The Moon Jae-in government will legalize the outlawed progressive teacher’s union that was highly critical of the two past conservative governments as part of its 10-point policy agenda blueprint, according to a document drawn up by the ruling Democratic Party before the May 9 election.

The report, entitled “The Policy Directive and Management by the New Government”, outlined 10 policy objectives the Moon government hopes to achieve. Among the 10 objectives is legalizing the Korean Teachers and Education Workers Union (KTU), which was made illegal in January 2016 when an appellate court decided to uphold a lower court’s ruling to outlaw the group.

The KTU has been engaged in a legal battle with the government since 2013, when the government stripped the KTU of its legal status after the union refused to comply with a government demand that it expel members who had been dismissed from their schools.

The group regained its status temporarily in September 2014, when the Seoul High Court issued an injunction to suspend the government’s decision, until it was stripped of its legal right again last year.

While hailed by some for championing democratic values inside classrooms and driving out a culture of graft in the education sector since its foundation in 1989, the KTU has also been criticized for its leftist political ideology and for being heavily motivated by political issues, such as its opposition to U.S. beef imports or the four-rivers restoration project of the Lee Myung-bak administration.

It has also been a vocal critic of the Park Geun-hye government. The group was given legal status in 1999, 10 years into its foundation, by the liberal Kim Dae-jung government.

DP insiders say the KTU could handily regain its legal status if the Moon government accepts its claim that it can still have teachers dismissed from schools as union members. But this could provoke backlash from the conservative opposition Liberty Korea Party and civic groups, who may argue that it is beyond the government’s reach to do so without legal proceedings.

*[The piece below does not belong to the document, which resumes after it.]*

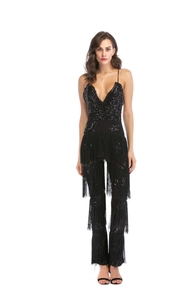 Detail shot of black sequin V-neck romper with dense multi-layer long tassels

The Blue House said on Monday it had not discussed giving the KTU legal status yet, but it has not ruled it out, either. “We have neither discussed it nor reached a consensus on the issue,” said Kim Su-hyun, senior presidential secretary for social affairs at the Blue House press building.

Regarding the other policy agendas, the Moon government has already recognized the deaths of the two contract teachers of Danwon High School who died with their students in the Sewol ferry as “deaths on duty,” granting the long-held request of their relatives.

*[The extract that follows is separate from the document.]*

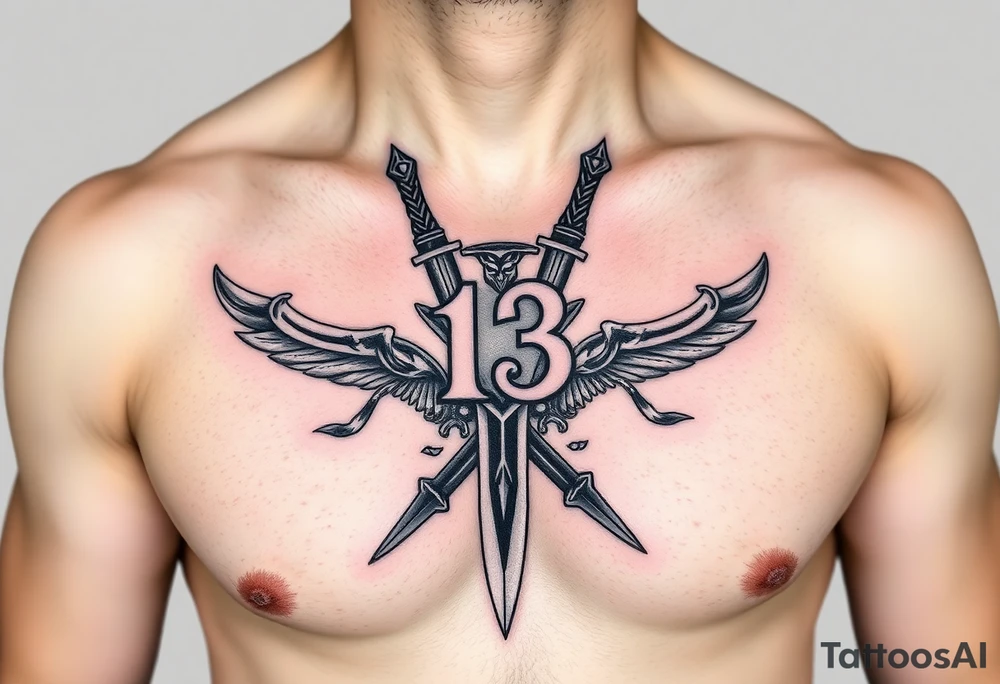 The Number 13, The Toledo Mudhens Baseball Team, And Demonic And Midevel dagger Featurs Made Into A Big Family Crest Tattoo On A Masculine guy that looks bad ass and unique. tattoo idea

Just six days in, Moon ordered the government to recognize the deaths of the two teachers Kim Cho-won and Lee Ji-hye, reversing the previous Park Geun-hye government’s stance against doing so on the grounds that the Public Officials Pension Act does not count employees on contract as public officials.

The new president also issued an order to recognize the deaths of those who lose their lives in the service of the country regardless of their employment status from now on.

Another policy objective outlined in the report that has already been taken into action by the Moon government is the formation of a special committee tasked on recovering damages inflicted by the construction of the four-rivers restoration project by the Lee Myung-bak government that was in power between 2008 and 2013. On Monday, the Moon Blue House declared an audit would be launched to find irregularities both in the decision-making process and policy implementation process for the mega project.

The other policy agenda outlined in the DP report include: providing additional financial and personnel support for a probe team into the Sewol ferry, re-investigating the death of farmer Baek Nam-ki, who died after a 317-day coma from a head injury sustained by a police water cannon during a protest, stringent enforcement of the minimum wage system and emergency relief provision to companies that have their production lines withdrawn from the Kaesong joint industrial complex in North Korea, among others.